■ EXERCISE:
From the entries below, copy every line where the string "Used" appears.

■ DATASET RECORDS:
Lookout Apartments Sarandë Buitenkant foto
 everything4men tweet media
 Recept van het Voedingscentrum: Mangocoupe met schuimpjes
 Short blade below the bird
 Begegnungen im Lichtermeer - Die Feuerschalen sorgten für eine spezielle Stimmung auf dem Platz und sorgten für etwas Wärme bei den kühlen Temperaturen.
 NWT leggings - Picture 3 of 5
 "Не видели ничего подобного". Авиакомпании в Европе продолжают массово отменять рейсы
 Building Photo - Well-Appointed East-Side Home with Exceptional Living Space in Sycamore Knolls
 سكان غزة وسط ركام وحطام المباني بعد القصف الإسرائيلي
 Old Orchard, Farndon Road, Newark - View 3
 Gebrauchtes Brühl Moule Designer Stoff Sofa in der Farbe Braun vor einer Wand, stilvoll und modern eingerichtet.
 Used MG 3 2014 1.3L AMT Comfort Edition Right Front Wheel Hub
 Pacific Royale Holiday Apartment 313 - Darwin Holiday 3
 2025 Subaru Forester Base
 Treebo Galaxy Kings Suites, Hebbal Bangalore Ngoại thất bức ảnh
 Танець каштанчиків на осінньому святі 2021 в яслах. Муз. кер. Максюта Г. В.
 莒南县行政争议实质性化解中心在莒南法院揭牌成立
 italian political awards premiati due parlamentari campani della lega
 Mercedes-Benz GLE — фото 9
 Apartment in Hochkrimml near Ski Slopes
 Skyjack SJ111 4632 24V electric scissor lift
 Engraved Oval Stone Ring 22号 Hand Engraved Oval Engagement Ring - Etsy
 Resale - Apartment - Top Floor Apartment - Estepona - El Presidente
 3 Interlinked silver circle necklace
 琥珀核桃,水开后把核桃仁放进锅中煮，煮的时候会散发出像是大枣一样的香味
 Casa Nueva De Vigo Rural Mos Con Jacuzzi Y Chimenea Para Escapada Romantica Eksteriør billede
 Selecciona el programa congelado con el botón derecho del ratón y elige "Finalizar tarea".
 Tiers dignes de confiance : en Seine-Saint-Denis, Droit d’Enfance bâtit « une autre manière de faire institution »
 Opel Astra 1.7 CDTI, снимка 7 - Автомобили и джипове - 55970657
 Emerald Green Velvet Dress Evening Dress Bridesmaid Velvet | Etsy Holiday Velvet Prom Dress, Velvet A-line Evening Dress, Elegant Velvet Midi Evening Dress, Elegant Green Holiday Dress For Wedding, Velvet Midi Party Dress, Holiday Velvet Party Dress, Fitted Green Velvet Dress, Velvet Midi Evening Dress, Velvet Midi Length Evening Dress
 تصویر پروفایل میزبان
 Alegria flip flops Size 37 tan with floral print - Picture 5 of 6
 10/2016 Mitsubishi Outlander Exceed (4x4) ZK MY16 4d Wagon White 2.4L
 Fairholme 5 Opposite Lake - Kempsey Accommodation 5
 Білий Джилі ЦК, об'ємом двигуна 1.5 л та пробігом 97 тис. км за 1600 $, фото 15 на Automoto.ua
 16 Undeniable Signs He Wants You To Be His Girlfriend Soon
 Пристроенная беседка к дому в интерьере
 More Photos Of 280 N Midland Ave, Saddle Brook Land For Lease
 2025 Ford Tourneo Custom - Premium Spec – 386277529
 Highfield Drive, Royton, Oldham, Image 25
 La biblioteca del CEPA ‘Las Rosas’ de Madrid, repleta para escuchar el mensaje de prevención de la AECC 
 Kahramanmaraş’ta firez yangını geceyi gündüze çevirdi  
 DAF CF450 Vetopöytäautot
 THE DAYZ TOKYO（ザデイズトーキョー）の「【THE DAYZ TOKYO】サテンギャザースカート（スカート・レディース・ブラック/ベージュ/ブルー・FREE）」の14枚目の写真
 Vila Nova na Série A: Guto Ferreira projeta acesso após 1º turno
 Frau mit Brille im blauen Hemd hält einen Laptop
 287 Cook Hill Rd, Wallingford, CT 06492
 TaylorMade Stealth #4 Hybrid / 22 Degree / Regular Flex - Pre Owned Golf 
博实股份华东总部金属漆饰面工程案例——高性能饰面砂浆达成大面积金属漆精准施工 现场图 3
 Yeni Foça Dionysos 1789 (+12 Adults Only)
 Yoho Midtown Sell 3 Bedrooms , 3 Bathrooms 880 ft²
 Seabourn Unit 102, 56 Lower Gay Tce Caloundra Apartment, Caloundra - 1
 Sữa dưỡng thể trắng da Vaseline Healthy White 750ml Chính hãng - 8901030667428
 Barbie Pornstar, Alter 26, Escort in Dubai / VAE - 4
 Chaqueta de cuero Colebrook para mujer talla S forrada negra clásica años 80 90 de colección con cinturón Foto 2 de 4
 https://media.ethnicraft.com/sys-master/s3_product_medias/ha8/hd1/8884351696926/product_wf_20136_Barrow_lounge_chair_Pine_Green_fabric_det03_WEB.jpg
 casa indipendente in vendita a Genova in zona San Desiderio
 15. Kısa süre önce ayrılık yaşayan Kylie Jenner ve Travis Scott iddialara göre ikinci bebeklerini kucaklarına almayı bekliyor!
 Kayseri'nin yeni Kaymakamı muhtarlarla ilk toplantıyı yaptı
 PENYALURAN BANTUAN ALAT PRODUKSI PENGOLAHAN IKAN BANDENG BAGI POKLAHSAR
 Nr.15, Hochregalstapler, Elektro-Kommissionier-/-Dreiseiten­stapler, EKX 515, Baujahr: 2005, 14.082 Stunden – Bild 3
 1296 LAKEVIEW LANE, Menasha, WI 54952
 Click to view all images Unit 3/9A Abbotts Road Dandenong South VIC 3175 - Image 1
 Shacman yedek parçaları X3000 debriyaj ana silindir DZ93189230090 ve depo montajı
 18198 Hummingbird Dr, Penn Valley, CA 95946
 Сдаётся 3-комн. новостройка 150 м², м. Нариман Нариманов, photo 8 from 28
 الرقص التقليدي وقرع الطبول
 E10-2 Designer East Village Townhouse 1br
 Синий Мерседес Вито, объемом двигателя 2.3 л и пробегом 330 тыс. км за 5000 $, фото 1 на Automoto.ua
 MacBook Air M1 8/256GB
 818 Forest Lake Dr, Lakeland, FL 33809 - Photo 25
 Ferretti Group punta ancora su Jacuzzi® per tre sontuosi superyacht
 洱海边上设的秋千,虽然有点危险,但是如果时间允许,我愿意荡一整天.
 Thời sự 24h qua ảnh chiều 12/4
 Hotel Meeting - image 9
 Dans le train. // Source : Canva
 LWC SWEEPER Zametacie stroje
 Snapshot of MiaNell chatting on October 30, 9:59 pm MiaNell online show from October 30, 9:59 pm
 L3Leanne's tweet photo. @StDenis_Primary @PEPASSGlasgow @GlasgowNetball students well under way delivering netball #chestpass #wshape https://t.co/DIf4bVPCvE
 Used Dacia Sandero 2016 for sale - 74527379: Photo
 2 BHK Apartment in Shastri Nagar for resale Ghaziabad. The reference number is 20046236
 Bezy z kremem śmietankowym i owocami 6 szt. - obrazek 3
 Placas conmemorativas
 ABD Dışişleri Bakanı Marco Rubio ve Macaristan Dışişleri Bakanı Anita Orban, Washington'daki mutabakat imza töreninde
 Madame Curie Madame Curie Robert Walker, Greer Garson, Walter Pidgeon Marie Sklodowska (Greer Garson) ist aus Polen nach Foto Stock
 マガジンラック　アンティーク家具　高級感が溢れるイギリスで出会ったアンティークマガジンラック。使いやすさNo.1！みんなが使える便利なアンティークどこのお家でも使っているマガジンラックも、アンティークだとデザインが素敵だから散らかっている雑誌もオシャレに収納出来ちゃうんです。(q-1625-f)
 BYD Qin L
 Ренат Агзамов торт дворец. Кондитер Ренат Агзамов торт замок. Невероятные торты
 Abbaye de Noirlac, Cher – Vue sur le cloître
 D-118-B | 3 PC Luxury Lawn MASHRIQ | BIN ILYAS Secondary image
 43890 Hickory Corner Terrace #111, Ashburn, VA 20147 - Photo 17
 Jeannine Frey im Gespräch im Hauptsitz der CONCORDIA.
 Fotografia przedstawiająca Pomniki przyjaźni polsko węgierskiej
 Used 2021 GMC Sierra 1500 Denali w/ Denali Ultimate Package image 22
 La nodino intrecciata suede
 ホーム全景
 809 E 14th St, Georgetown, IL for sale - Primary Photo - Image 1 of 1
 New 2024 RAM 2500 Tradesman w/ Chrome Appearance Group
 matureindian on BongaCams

■ EXERCISE OUTPUT:
 Used MG 3 2014 1.3L AMT Comfort Edition Right Front Wheel Hub
 Used Dacia Sandero 2016 for sale - 74527379: Photo
 Used 2021 GMC Sierra 1500 Denali w/ Denali Ultimate Package image 22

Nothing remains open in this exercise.